WORKING DATA:
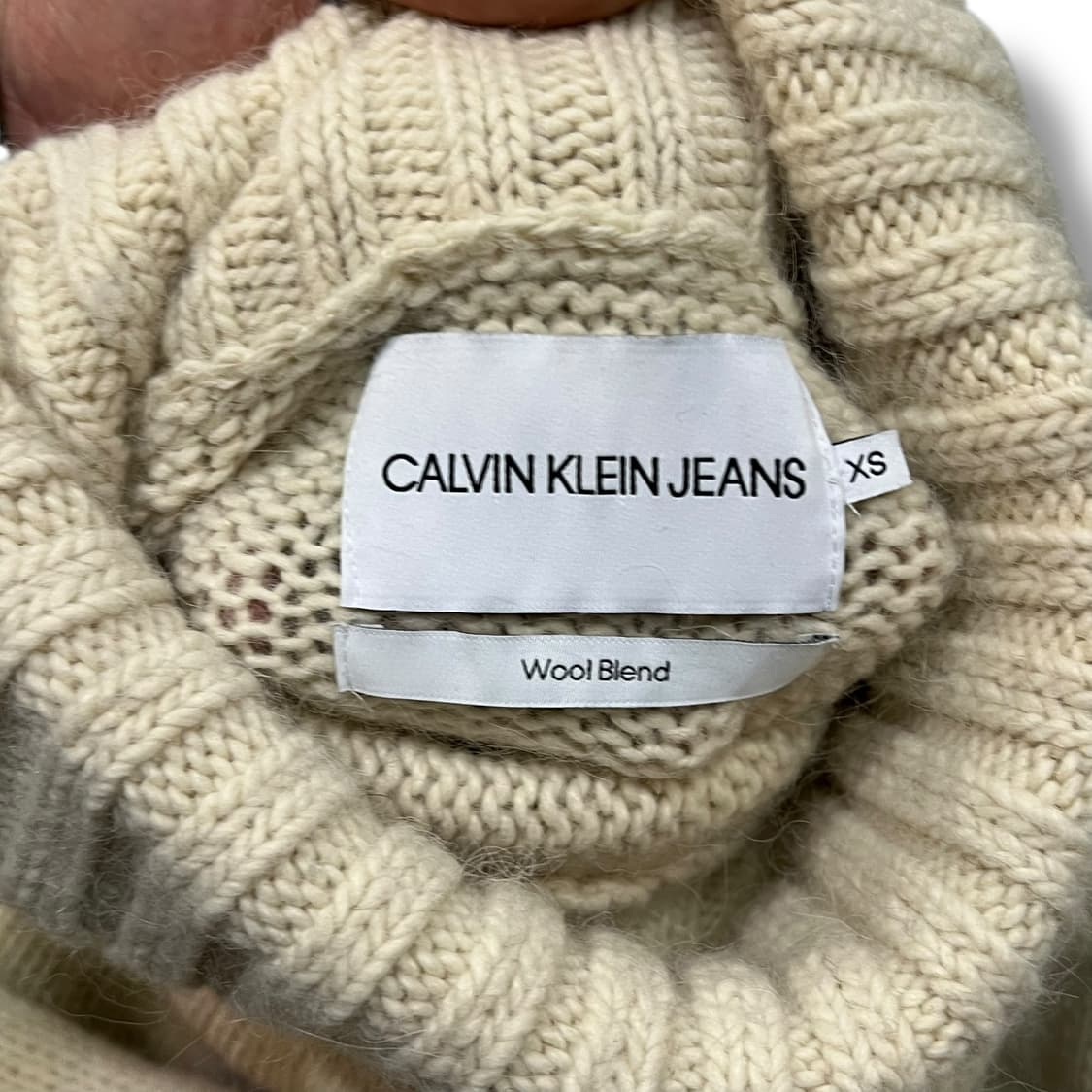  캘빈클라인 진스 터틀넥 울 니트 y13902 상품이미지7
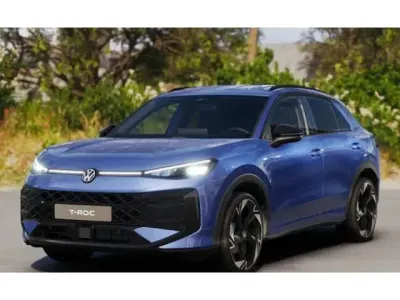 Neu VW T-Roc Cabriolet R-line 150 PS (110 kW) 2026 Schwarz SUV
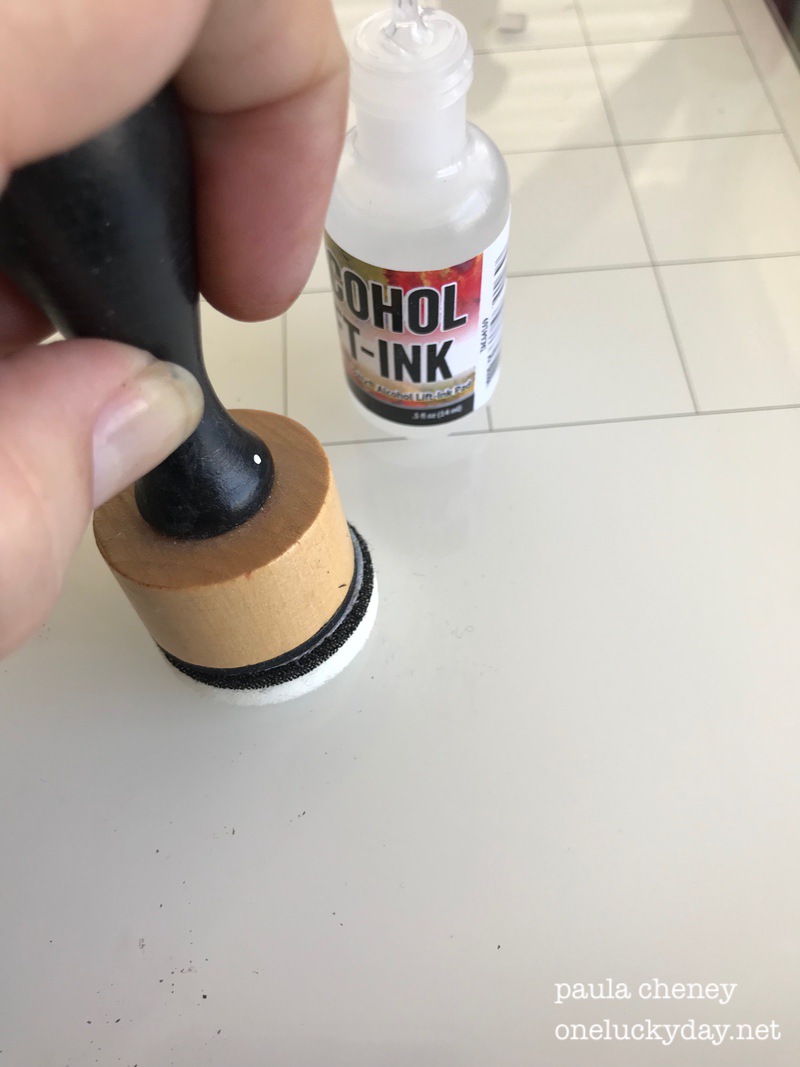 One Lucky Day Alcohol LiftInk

--

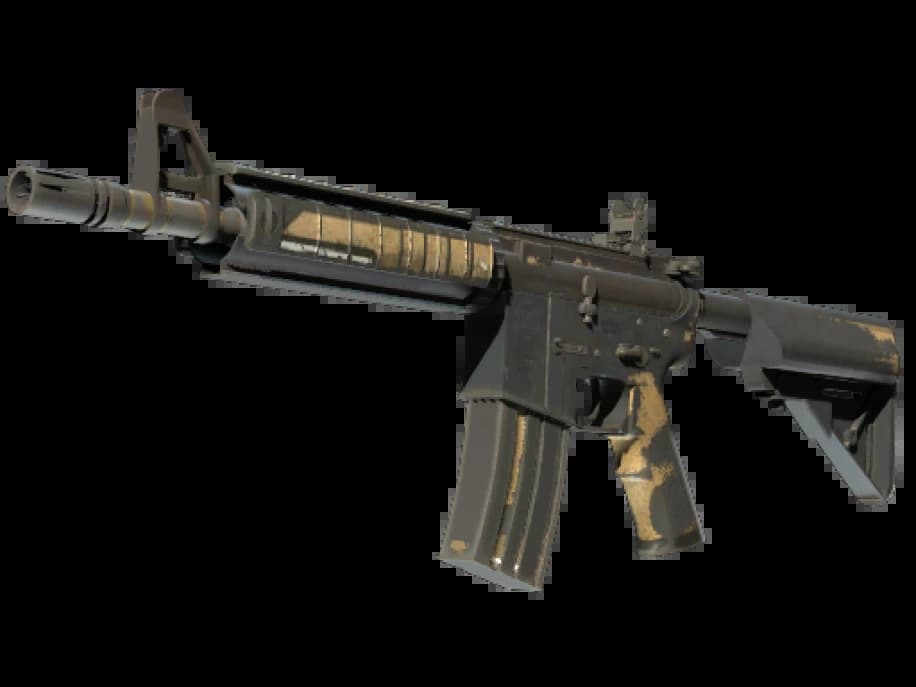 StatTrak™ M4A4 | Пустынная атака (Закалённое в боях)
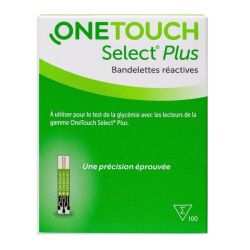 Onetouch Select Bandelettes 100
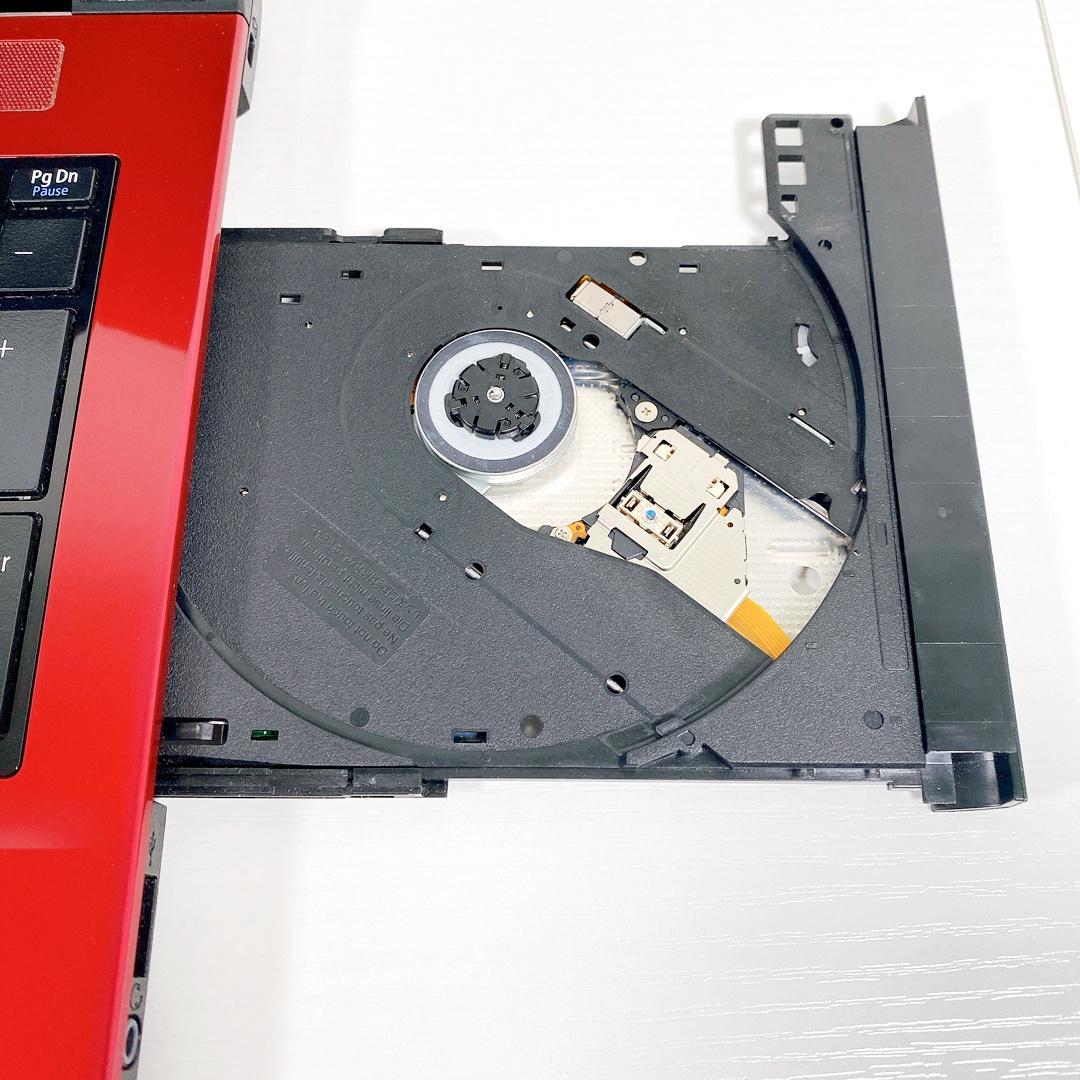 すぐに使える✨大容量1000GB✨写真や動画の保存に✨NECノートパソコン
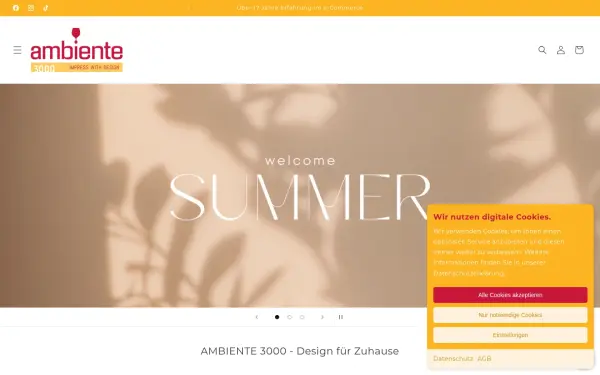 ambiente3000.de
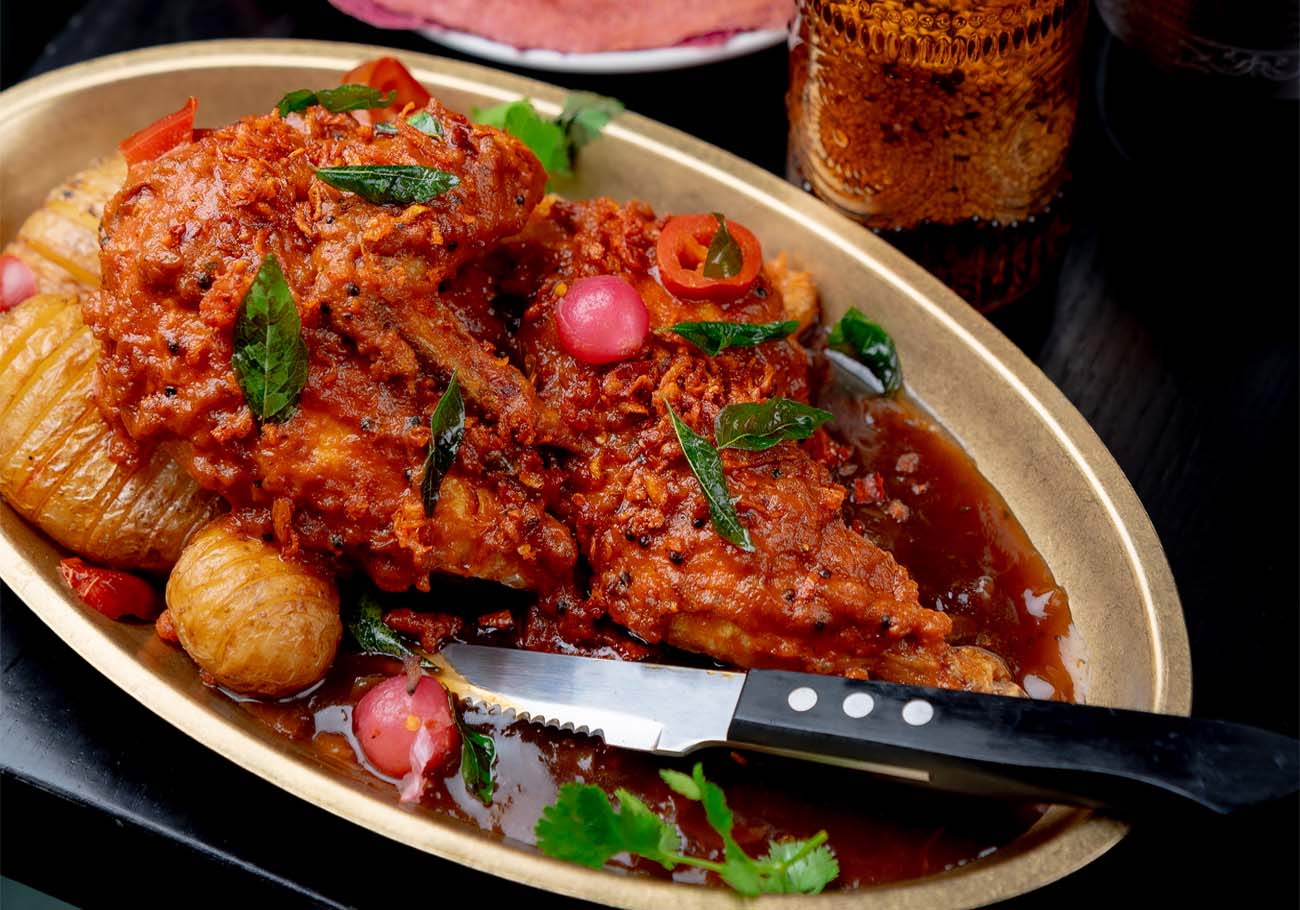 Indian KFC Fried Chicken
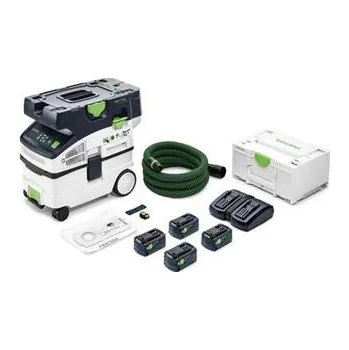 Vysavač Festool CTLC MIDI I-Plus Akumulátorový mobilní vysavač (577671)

PROBLEM TO SOLVE:
Only one part of the listing is wanted: the lines from the one containing "ambiente3000.de" through the one containing "Vysavač Festool CTLC", both included. Please transcribe it exactly, leaving out the pictures.

ANSWER AREA:
 ambiente3000.de
 Indian KFC Fried Chicken
 Vysavač Festool CTLC MIDI I-Plus Akumulátorový mobilní vysavač (577671)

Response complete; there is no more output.